Choix par dépit donc, Sharon Stone possède néanmoins quelque chose de plus que les très bonnes actrices qui ont décliné le rôle : c’est une star. Une vraie, en lettres majuscules et caractères d’imprimerie, qui attendait d’être filmée comme tel. Une créature de cinéma prédestinée au grand-écran et dont l’éclat éblouit le commun des mortels dès sa première apparition. La caméra a ses élu(e)s et la justice n’a pas son mot à dire, c’est comme ça c’est tout. Ici, les dieux du 7ème Art passent la bague au doigt de Sharon, même (et surtout) sur les terrains qui compromettent la décence élémentaire.

Il faut revoir la fameuse scène de l’interrogatoire qui a provoqué tant d’émois. La divine suspecte surplombe ses inquisiteurs comme si elle se dressait sur un autel, et les transforme en dévots en leur montrant ce qu’elle ne saurait cacher. Rien ne l’atteint, et surtout pas le regard que les flics en sueurs et le spectateur humide portent sur elle. Le grand-écran met encore plus en exergue cette posture d’idolâtrie à laquelle Verhoeven nous astreint : la monarque se déploie sur toute la surface de la toile, la position assise devient la posture d’adoration de ses spectateurs/sujets.
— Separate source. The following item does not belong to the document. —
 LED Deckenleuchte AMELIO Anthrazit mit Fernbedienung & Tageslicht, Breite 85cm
Face à la Reine de Saba, Michael Douglas incarne cette entité masculine pleine d’elle-même et enivrée par son hubris, qui part à l’assaut de l’Hyper femelle comme d’autres sont partis à la conquête de l’Amérique. Basic Instinct le thriller érotique posé sur le papier par Joe Eszterhas devient un duel de genre à l’écran, au sens mythologique du terme. Masculin et Féminin s’affrontent au plumard pour imposer leur suprématie dans des ébats sublimés par la lumière du compatriote hollandais Jan de Bont. Paulo peint les corps de ses acteurs tel un Michel Ange de la luxure avec le grand-écran pour plafond et la salle de cinéma en équivalent de la chapelle Sixtine.
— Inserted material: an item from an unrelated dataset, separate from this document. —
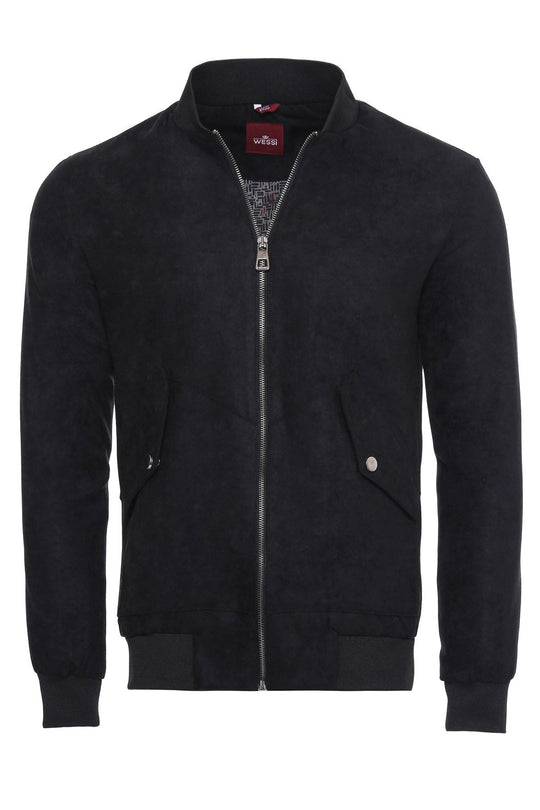 Navy Blue Suede Slim Fit Bomber Jacket – Wessi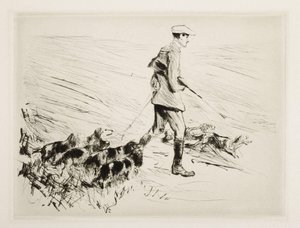 Jæger med hunde af Max Liebermann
Mais même si le film s’achève sur un point d’interrogation, l’issue de cette bataille pour les âges ne fait aucun doute. Michael Douglas accepte (au sens propre) la soumission, et rejoint le rang des canards qui font la queue devant la porte de Sharon. Logique finalement, le duel a toujours déséquilibré : Hector a beau faire preuve de vaillance face à Achille, l’un demeure un mortel quand l’autre bénéficie du support des dieux. Le match est plié quand Douglas se retrouve à son tour interrogé par ses collègues. Dans une scénographie semblable à celle dans laquelle Elle est intronisée, Lui se révèle écrasé par la situation, malgré ses efforts pour se grandir.
Au fond, La femme n’est pas l’avenir de l’homme, mais son seul mythe indépassable, qui aura rarement eu plus belle incarnation qu’ici.